It is well known that native (that is, stored in and transmitted by the competent national organisms) VMS data are characterized by a certain and variable percentage of erroneous entries [5]. The main types of error can be listed as pings belonging to the following categories: 1) unreasonable positions (e.g. on land); 2) unreasonable speeds (e.g. negative or too high values); 3) unreasonable heading (i.e. values outside a compass range). A final but distinct category simply comprises duplicate records. Intuitively, the pings belonging to one or more of these categories should be removed or flagged. It is found that the permanent removal of records is rarely a good choice. As a consequence, it was decided to flag irregular pings in the dataset. This is possible by clicking on the “Clean DB data” button on the “VMS Data Management box” in the main interface (Figure 1). All the flagged pings are marked as a source of irregularity; the user can decide whether to retain the flagged pings or to remove (part of) them.
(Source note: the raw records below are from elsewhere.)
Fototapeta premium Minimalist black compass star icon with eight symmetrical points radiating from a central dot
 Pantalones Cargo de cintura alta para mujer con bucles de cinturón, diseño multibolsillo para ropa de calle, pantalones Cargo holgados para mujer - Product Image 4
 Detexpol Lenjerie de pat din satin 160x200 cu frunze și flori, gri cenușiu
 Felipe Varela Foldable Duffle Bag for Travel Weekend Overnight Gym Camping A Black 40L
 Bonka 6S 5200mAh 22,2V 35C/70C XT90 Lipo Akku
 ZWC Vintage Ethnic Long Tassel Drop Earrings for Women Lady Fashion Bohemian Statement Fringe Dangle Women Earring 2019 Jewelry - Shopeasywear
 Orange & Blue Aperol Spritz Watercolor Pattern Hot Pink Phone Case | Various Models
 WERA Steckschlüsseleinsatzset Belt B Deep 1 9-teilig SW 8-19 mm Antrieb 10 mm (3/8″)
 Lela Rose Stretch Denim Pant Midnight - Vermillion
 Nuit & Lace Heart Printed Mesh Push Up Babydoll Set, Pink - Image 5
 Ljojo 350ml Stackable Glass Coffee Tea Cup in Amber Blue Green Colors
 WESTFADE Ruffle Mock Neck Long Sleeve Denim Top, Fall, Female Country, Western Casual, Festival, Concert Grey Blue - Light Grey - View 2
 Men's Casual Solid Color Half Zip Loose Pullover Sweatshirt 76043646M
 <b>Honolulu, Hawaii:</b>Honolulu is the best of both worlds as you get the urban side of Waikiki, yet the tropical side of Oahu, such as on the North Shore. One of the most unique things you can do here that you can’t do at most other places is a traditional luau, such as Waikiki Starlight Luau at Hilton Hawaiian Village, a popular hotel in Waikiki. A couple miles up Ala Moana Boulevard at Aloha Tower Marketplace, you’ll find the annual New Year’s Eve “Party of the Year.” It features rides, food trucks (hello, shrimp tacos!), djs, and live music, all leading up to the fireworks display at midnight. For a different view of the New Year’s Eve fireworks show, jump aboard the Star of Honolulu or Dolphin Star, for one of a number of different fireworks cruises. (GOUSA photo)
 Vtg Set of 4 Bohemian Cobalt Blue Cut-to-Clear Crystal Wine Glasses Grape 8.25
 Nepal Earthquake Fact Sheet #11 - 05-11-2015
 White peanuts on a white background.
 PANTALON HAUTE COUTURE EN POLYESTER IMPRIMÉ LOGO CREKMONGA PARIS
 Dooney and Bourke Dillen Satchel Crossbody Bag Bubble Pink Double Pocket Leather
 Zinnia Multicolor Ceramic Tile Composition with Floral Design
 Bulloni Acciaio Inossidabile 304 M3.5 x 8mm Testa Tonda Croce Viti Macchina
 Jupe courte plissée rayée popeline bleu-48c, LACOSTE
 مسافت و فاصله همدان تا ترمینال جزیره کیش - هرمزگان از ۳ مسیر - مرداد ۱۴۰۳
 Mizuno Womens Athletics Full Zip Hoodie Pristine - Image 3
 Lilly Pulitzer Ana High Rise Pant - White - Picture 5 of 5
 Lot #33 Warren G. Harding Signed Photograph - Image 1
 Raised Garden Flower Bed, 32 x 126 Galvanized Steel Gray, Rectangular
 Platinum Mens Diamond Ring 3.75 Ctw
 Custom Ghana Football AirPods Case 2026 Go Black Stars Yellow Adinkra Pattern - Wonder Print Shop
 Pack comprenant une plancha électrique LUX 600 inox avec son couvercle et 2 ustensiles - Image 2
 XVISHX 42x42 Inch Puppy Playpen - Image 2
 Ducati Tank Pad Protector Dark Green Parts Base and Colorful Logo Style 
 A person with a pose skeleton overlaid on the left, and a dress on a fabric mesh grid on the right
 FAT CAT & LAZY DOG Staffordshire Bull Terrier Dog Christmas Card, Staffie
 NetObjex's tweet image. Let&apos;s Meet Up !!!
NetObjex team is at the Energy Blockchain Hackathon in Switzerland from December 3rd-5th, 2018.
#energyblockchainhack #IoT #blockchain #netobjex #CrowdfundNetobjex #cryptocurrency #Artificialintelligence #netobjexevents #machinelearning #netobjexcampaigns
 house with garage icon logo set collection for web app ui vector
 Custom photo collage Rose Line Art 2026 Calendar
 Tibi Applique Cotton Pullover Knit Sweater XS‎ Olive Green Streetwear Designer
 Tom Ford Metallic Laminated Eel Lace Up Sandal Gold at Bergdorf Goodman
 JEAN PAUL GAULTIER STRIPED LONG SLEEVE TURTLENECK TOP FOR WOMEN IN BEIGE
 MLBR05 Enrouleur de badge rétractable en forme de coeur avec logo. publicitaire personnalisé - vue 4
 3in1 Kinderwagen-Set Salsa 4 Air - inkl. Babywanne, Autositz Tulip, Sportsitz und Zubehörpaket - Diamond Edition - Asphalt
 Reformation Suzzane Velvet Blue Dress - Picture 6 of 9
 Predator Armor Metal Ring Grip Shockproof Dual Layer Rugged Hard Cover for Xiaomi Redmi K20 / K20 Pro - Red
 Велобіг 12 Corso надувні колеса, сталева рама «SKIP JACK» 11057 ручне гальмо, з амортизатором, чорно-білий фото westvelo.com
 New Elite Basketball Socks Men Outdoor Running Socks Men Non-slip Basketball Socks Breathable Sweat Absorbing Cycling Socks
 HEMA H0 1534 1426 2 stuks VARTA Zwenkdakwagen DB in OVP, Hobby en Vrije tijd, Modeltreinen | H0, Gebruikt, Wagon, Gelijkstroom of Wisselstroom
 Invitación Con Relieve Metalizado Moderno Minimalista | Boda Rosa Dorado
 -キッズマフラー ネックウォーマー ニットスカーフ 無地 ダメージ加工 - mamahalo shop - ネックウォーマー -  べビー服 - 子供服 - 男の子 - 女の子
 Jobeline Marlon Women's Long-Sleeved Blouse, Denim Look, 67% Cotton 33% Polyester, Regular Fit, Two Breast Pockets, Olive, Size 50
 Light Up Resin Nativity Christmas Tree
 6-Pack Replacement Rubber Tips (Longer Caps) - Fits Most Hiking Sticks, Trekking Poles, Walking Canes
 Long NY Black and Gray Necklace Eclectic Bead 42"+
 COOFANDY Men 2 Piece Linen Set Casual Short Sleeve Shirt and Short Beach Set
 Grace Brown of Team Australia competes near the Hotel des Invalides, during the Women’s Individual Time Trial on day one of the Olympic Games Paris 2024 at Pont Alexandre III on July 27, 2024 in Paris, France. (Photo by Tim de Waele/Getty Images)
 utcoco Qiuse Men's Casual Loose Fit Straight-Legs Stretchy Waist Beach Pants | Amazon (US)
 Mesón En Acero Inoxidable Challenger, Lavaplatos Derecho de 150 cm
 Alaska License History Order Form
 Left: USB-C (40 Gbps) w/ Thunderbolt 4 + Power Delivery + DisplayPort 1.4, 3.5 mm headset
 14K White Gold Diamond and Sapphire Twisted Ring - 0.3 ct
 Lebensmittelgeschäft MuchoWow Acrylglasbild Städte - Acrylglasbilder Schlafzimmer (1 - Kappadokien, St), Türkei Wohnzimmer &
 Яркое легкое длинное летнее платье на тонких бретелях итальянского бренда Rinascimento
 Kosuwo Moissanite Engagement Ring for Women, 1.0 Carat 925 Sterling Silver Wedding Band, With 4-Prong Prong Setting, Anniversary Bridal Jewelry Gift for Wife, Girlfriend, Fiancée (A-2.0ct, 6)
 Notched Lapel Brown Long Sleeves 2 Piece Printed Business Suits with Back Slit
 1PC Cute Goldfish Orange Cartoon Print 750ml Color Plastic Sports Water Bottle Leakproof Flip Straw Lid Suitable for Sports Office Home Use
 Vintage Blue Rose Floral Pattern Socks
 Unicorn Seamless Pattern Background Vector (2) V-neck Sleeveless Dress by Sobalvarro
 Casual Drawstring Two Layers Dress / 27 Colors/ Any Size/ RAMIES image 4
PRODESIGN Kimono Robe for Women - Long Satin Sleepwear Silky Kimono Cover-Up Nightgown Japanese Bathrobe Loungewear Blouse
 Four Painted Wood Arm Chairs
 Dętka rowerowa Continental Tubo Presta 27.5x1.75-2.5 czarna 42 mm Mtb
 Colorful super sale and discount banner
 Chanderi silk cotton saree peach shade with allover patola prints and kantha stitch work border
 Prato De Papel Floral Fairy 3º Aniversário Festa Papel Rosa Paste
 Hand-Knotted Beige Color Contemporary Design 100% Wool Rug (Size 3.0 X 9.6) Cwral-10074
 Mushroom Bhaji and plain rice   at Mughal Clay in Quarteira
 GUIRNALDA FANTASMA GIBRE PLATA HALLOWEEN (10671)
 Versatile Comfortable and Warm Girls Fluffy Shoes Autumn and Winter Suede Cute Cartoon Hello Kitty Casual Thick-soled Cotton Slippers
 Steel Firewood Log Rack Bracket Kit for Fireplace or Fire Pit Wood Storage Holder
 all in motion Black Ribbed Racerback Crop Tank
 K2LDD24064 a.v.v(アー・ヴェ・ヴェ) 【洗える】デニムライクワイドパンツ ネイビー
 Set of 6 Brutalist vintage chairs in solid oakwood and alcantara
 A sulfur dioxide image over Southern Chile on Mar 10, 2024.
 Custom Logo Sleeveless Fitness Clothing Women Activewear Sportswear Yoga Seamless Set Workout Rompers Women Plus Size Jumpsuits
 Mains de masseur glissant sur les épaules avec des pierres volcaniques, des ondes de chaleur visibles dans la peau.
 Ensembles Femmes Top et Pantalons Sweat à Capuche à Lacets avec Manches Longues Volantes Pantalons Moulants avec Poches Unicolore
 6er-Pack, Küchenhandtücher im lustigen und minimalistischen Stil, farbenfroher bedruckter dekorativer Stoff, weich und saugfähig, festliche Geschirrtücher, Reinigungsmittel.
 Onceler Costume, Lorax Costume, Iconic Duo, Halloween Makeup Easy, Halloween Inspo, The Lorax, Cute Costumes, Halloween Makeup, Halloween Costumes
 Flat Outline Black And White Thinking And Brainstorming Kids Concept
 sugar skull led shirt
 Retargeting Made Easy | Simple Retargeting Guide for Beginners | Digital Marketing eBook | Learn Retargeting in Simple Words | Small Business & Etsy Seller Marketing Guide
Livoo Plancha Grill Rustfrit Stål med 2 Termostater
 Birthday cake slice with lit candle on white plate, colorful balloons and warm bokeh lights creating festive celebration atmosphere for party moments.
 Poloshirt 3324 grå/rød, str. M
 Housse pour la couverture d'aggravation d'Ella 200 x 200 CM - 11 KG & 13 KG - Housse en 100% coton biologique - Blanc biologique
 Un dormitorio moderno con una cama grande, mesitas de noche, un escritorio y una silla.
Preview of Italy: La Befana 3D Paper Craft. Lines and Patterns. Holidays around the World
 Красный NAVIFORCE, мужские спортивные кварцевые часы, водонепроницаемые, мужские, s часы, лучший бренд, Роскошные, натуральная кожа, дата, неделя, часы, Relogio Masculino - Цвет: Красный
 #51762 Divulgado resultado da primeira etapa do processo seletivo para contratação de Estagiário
The subsequent steps involve the partitioning of VMS ping series belonging to the same vessel in tracks, that is series of pings belonging to the same trip starting from and ending in given harbours.

Given a static map of the harbours in the form of a shapefile or an R dataframe, VMSbase draws a circular buffer around each harbour: the VMS pings falling within the buffers are classified as “in harbour pings”. They will then be associated with the respective harbours. By default, the radius of the buffer is 2 km, although it is customizable by the user. Typically, raw tracks are quite unsatisfactory for performing any kind of analysis, as the frequency of the pings is typically irregular, and in the vast majority of the cases no ping is available in the departure and arrival harbours. For this reason, the package enables the harbours to be inferred and interpolated to a temporal frequency selected by the user. These steps can be performed by clicking on the respective icons in the “VMS Data Management box” in the main interface (Figure 1).

As these steps progressively modify the final database, it is important to graphically explore and follow the analyses through an interface: this is the purpose of the VMS Data Viewer which can be activated by the corresponding icon on the “VMS Data Management box” in the main interface (Figure 1). This tool is designed to show the actual appearance of the database being analysed. The boxes in the upper area of the window (Figure 3) display the status of the analysis by a series of traffic light symbols highlighting which analyses have been already performed, as well as some simple statistics about pings and tracks. A preview of the database is presented at the bottom of this window, organized into different sheets according to the specific analysis step. For instance, it is possible to inspect the warning codes flagging the different error conditions described above, or distinguish between in-harbour and at-sea pings, or lastly between real and interpolated pings. In addition, this interface allows queries to be submitted to the database in order to select subsets of data. For instance, users can select data for a given group of fishing vessels, or within a specific temporal or spatial window.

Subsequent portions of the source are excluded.